Reinforcement Learning in Factored MDPs: Oracle-Efficient Algorithms and Tighter Regret Bounds for the Non-Episodic Setting
This work addresses the problem of efficient reinforcement learning in complex factored environments for researchers and practitioners, offering incremental improvements with tighter theoretical bounds and practical algorithms.
The paper tackles reinforcement learning in non-episodic factored Markov decision processes (FMDPs) by proposing two near-optimal, oracle-efficient algorithms with Bayesian and frequentist regret bounds, and introduces a tighter connectivity measure called factored span to improve lower bounds, showing performance gains in computer network simulations.

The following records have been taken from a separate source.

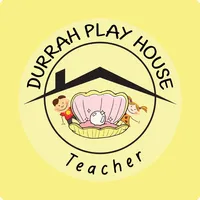 Durrah Teacher icon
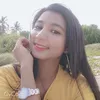 princesslay904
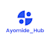 Ayomide I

We study reinforcement learning in non-episodic factored Markov decision processes (FMDPs). We propose two near-optimal and oracle-efficient algorithms for FMDPs. Assuming oracle access to an FMDP planner, they enjoy a Bayesian and a frequentist regret bound respectively, both of which reduce to the near-optimal bound $\widetilde{O}(DS\sqrt{AT})$ for standard non-factored MDPs. We propose a tighter connectivity measure, factored span, for FMDPs and prove a lower bound that depends on the factored span rather than the diameter $D$. In order to decrease the gap between lower and upper bounds, we propose an adaptation of the REGAL.C algorithm whose regret bound depends on the factored span. Our oracle-efficient algorithms outperform previously proposed near-optimal algorithms on computer network administration simulations.